Denkmögliche Verhängung einer Verwaltungsstrafe wegen Feilhaltung bzw. Versendung von "Tafel-" bzw. "Bergquellwasser" in Kunststoffflaschen.
Es erscheint nicht ausgeschlossen, Tafelwasser dem Begriff der "natürliche(n) und künstliche(n) Mineralwässer" im Sinne der Mineralwasserverordnung zu unterstellen, wie es die belangte Behörde getan hat.
Es ist denkmöglich, das "Versenden" gemäß §1 Mineralwasserverordnung dahin zu verstehen, daß jedes Inverkehrbringen, sohin auch das Feilhalten des Wassers darunterfällt, weil der Normgeber ganz offenkundig den Schutz des Konsumenten beabsichtigte und daher für die Begründung der Verpflichtung zum Abfüllen bestimmter Arten von Trinkwasser in verschlossenen Glasflaschen vor allem auf dessen Widmung "zum Verkauf als Lebensmittel" und zur "Abgabe an Verbraucher" abstellen wollte.
Angesichts der besonderen qualitativen Anforderungen an bestimmte Arten des Wassers, einschließlich des Mineral- und des Tafelwassers aus lebensmittelrechtlicher Sicht erscheint es dem Gerichtshof sachlich gerechtfertigt, wenn der Gesetzgeber im Rahmen seiner rechtspolitischen Gestaltungsfreiheit auch für Tafelwasser die Abgabe in Glasflaschen vorsieht.
Ebenso wie in VfSlg. 11369/1987 vom Verfassungsgerichtshof das Verbot, Wein in anderen Gefäßen als Glasflaschen an den Verbraucher abzugeben, als sachlich gerechtfertigte und daher dem Gleichheitssatz entsprechende Norm angesehen wurde, weil dadurch der qualitative Aspekt des Produkts betont wird und der Gesetzgeber die Umwelt wegen der möglichen Wiederverwendbarkeit des Rohstoffes Glas möglichst wenig belasten wollte, erscheint es dem Verfassungsgerichtshof angesichts des vorliegenden Falles auch als sachlich gerechtfertigt, Wasser, das mit einem besonderen Qualitätsanspruch in Verkehr gebracht wird und das als Lebensmittel auf besondere Erwartungen der Konsumenten stößt, lediglich in einer Verpackungsform abzugeben, die diesen Ansprüchen in besonderer Weise dient.
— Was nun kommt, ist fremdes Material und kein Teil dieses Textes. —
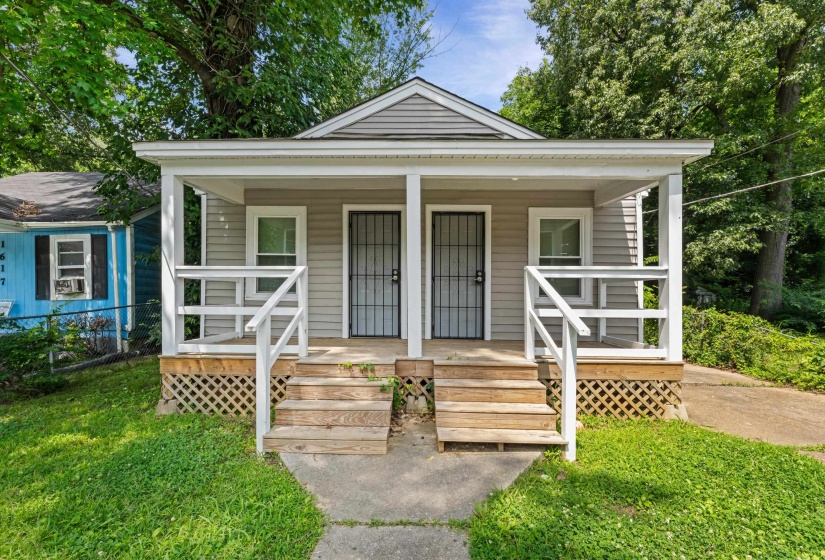 1621 OAKWOOD ST, Memphis, Tennessee 38108, 2 Bedrooms Bedrooms, ,1 BathroomBathrooms,Duplexes,For Sale,OAKWOOD,10224990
Daran vermag auch der Umstand nichts zu ändern, daß der Gesetzgeber für andere, ähnliche Lebensmittel, wie etwa die in der Beschwerde genannten mineralwasserhältigen Limonaden, ein gleichartiges Verpackungsverbot nicht aufgestellt hat.
Für das Verbot der Versendung von Mineralwässern in anderen Behältnissen als in den zur Abgabe an Verbraucher dienenden verschlossenen Glasflaschen sprechen hinreichende öffentliche Interessen. Es braucht sohin nicht näher untersucht zu werden, ob und wieweit durch ein derartiges Verbot (der MineralwasserV, BGBl. 1935/526) überhaupt in die Freiheit der Erwerbsbetätigung eingegriffen wird, zumal dem Beschwerdeführer dadurch der Vertrieb seines Tafelwassers zu Erwerbszwecken nicht wesentlich erschwert, geschweige denn unmöglich gemacht, sondern lediglich an eine bestimmte Verpackungsform gebunden wird.
Entscheidungstexte
Schlagworte
Geltungsbereich (zeitlicher) eines Gesetzes, Rechtsüberleitung Übergangsbestimmung, Lebensmittelrecht, Umweltschutz, Erwerbsausübungsfreiheit, öffentliches Interesse, Mineralwasser, KunststoffflaschenEuropean Case Law Identifier (ECLI)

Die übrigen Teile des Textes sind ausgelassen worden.